Search the records below for "Egypt Premium Family". Return that line and all remaining lines exactly.

> _GIVEN ENTRIES_:
^^^^^^^^

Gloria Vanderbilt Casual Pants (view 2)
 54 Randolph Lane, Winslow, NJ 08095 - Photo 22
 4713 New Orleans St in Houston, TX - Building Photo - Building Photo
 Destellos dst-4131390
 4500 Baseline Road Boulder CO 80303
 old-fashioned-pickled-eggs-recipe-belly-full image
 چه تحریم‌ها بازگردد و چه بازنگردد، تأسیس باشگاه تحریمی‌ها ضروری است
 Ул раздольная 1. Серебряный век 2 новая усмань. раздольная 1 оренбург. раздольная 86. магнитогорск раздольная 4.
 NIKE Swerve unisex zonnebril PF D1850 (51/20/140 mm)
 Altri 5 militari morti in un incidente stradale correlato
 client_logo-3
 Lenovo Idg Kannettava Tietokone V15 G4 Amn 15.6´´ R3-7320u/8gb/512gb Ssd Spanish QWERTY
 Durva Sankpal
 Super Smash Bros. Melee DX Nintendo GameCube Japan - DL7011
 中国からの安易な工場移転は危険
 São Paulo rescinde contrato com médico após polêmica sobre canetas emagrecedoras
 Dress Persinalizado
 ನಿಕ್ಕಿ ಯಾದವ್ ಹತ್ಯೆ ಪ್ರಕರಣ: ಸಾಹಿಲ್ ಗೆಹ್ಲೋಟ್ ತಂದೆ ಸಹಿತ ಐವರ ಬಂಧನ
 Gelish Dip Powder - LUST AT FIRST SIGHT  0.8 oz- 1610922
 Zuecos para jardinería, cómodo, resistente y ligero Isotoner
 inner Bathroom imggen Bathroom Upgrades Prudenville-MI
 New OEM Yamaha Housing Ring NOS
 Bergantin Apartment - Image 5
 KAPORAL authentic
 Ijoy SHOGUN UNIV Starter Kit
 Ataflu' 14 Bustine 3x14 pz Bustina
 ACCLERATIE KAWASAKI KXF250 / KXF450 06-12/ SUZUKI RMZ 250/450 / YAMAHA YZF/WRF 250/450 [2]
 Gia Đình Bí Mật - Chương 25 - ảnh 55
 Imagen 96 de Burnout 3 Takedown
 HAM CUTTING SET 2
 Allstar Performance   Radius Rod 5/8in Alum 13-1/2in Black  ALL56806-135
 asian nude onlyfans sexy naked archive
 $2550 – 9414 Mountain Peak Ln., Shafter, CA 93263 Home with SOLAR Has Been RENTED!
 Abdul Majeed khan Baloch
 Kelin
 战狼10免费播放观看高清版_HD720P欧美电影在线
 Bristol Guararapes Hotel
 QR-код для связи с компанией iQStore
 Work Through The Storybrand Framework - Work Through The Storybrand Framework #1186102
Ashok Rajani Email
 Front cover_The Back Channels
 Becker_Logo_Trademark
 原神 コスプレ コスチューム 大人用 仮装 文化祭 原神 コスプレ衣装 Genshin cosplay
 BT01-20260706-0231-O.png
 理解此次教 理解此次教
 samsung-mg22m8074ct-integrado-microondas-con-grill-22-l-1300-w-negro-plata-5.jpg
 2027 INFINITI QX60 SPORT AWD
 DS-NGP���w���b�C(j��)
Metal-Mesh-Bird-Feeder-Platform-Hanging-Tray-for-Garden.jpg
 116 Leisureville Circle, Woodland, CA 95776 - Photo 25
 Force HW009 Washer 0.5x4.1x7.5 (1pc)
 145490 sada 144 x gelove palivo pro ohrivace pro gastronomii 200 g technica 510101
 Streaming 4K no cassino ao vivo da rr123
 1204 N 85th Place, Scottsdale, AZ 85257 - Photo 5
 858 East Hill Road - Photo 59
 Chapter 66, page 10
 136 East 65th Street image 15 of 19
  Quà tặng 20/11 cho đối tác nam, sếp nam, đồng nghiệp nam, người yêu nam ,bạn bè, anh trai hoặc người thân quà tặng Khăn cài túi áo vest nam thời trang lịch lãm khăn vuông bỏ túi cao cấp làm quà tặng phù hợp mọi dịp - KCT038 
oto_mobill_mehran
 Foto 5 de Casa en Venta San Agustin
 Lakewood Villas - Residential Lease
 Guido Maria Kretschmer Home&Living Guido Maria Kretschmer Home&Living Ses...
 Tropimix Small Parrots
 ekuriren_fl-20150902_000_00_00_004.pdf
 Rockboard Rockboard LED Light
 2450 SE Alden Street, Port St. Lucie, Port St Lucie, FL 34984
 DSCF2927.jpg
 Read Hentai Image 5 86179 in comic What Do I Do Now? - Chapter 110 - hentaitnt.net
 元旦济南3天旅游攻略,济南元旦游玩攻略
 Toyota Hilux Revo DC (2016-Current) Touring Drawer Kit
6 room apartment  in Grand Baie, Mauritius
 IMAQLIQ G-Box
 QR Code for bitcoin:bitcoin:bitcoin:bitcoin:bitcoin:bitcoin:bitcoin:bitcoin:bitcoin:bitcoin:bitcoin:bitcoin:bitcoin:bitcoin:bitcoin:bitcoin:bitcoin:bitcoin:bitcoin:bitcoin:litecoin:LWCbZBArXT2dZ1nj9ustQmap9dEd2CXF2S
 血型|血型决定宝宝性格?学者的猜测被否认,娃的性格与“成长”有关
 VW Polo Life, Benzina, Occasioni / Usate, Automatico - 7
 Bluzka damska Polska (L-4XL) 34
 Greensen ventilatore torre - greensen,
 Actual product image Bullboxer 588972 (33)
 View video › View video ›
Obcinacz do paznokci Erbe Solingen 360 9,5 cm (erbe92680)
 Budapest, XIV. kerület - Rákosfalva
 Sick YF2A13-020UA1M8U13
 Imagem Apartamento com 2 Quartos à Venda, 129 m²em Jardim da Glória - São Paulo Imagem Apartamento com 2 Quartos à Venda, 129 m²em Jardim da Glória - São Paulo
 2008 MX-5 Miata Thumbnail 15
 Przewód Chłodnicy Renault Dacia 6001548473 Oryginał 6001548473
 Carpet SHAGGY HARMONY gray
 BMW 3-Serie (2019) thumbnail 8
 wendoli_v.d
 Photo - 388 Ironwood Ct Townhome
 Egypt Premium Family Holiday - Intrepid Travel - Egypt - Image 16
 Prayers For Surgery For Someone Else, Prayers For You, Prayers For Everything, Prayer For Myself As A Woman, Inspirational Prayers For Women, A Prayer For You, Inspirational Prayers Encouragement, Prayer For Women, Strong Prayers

^^^^^^^^

> _THE COMPLETED TASK_:
 Egypt Premium Family Holiday - Intrepid Travel - Egypt - Image 16
 Prayers For Surgery For Someone Else, Prayers For You, Prayers For Everything, Prayer For Myself As A Woman, Inspirational Prayers For Women, A Prayer For You, Inspirational Prayers Encouragement, Prayer For Women, Strong Prayers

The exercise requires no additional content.